How to use BEDTools in Python (pybedtools)

created at 01-07-2022 views: 26

Preface

pybedtools is an encapsulation and extension of BEDTools software using Python. Why use pybedtools instead of BEDTools directly? Of course we want to use BEDTools in Python (😀)

Why pybedtools? The author also gave an example to find out the SNPs in the intergenic region, and then get the gene names within <5kb from the SNPs. If you use pybedtools:

import pybedtools

snps = pybedtools.example_bedtool('snps.bed.gz')
genes = pybedtools.example_bedtool('hg19.gff')

intergenic_snps = snps.subtract(genes)                  
nearby = genes.closest(intergenic_snps, d=True, stream=True) 

for gene in nearby:             
    if int(gene[-1]) < 5000:    
        print(gene.name) 

If you use a shell script, you may need these codes:

snps=snps.bed.gz
genes=hg19.gff
intergenic_snps=/tmp/intergenic_snps

snp_fields=`zcat $snps | awk '(NR == 2){print NF; exit;}'`
gene_fields=9
distance_field=$(($gene_fields + $snp_fields + 1))

intersectBed -a $snps -b $genes -v > $intergenic_snps

closestBed -a $genes -b $intergenic_snps -d \
  awk '($'$distance_field' < 5000){print $9;}' \
  perl -ne 'm/[ID|Name|gene_id]=(.*?);/; print "$1\n"'

rm $intergenic_snps

By comparison, if you use pybedtools, you only need to be familiar with Python and pybedtools. To achieve the same function with shell, you may need Perl, bash, awk and bedtools.

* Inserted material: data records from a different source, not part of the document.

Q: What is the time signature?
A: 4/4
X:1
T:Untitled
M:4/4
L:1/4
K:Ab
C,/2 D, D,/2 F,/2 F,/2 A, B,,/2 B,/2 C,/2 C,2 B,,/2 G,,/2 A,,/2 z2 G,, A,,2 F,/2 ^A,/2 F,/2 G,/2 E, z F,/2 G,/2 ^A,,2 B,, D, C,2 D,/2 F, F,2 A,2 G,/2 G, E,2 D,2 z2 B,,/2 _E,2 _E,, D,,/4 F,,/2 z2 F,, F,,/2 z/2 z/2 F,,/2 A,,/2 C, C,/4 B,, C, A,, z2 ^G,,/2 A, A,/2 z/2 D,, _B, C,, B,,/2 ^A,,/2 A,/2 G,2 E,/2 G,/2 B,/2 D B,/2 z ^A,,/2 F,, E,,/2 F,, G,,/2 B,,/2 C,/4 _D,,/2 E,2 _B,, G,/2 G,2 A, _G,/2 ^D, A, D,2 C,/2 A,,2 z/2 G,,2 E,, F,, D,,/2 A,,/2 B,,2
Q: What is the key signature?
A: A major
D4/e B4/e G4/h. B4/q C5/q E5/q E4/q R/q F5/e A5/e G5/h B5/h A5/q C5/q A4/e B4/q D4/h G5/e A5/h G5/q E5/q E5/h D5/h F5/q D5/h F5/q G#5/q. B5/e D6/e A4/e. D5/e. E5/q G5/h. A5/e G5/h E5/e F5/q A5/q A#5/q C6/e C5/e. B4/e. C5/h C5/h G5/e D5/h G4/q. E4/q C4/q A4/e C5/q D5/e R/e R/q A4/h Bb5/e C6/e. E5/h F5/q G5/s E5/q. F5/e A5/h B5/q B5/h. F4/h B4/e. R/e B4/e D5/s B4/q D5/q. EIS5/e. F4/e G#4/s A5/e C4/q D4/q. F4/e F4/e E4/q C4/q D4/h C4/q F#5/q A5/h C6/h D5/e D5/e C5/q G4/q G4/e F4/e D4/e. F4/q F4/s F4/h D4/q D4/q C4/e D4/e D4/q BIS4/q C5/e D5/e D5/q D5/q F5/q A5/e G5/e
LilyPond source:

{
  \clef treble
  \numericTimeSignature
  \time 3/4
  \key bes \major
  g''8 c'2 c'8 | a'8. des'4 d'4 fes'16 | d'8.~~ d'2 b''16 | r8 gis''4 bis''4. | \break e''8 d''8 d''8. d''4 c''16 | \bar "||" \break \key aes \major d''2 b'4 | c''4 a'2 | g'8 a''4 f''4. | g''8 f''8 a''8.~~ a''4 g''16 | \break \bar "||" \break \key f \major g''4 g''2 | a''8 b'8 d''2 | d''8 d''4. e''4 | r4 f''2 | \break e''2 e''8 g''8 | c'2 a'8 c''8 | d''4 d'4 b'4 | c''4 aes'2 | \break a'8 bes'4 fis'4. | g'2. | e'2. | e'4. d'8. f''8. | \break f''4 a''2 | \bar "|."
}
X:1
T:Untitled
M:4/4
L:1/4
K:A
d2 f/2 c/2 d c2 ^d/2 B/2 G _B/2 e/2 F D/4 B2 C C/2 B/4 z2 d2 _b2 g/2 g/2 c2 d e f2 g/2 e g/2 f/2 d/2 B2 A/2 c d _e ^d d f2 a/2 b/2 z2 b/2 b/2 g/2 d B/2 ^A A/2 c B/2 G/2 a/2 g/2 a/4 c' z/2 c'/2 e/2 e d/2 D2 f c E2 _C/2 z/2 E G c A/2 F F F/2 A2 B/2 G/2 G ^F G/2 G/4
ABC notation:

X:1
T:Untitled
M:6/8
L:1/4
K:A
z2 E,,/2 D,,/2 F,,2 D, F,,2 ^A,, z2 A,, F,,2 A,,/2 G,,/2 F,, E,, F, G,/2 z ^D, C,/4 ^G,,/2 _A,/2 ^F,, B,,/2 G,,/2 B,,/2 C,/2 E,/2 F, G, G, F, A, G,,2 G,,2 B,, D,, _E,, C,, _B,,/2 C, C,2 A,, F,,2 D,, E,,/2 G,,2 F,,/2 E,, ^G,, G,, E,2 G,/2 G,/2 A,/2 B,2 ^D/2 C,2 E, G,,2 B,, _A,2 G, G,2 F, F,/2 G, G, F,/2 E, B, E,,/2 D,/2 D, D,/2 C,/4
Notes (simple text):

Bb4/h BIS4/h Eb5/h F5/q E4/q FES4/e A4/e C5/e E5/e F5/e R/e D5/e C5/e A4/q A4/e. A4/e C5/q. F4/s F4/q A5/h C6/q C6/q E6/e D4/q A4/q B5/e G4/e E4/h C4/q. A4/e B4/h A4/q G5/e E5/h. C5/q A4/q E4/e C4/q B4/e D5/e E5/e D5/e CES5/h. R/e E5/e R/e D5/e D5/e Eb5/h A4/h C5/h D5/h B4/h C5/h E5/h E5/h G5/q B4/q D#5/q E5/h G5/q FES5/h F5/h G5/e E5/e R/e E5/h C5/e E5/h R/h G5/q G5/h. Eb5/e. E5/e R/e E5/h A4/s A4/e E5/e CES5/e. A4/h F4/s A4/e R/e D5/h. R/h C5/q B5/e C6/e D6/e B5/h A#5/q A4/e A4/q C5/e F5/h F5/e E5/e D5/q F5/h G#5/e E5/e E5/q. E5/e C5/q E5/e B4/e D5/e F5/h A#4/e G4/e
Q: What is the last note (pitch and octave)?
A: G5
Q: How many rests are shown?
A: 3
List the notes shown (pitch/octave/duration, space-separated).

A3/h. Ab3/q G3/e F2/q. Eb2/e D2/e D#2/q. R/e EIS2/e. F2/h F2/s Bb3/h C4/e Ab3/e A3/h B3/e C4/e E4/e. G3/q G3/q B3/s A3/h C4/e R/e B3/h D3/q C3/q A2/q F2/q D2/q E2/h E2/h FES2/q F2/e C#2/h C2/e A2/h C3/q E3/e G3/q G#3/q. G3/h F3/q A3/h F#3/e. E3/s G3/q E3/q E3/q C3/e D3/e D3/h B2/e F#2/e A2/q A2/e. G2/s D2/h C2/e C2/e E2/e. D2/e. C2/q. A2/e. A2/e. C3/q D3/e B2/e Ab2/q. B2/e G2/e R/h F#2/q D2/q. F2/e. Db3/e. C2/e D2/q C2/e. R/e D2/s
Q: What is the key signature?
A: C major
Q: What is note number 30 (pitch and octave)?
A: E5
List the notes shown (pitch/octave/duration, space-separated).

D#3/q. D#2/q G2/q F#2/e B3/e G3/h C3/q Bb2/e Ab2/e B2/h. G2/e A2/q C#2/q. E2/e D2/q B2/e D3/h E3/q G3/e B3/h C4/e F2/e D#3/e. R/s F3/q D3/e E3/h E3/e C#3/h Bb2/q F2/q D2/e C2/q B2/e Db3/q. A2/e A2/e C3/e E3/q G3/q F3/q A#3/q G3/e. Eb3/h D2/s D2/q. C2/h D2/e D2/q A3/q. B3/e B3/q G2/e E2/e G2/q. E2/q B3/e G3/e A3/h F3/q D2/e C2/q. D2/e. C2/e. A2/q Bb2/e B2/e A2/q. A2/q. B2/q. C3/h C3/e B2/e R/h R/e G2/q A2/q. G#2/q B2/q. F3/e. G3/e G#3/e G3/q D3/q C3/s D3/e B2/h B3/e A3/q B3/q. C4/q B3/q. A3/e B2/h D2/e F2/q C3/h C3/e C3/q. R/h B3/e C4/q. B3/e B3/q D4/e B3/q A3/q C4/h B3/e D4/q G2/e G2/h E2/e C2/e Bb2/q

For me, it is mainly because of using pybedtools, which allows me to use Python code throughout the process to get the same results as bedtools.

use

Install

Via conda

$ conda install --channel conda-forge --channel bioconda pybedtools

Install via pip

$ pip install pybedtools 

Create a BedTool

To use pybedtools, the first step is to import the pybedtools package and create the BedTool object. The BedTool object encapsulates all the available program functions of the BedTools program, so that they can be better used in Python. Therefore, in most cases, we use pybedtools, that is, to manipulate the BedTool object. The creation of the BedTool object can use the interval file (BED, GFF, GTF, VCF, SAM, or BAM format). Create a BedTool object from a file:

# 'test.bed' is the file path.
test = pybedtools.BedTool('test.bed')

In addition, it can also be created from a string:

s ='''
chrX 1 100
chrX 25 800
'''
## Controlled by the parameter from_string
a = pybedtools.BedTool(s, from_string=True)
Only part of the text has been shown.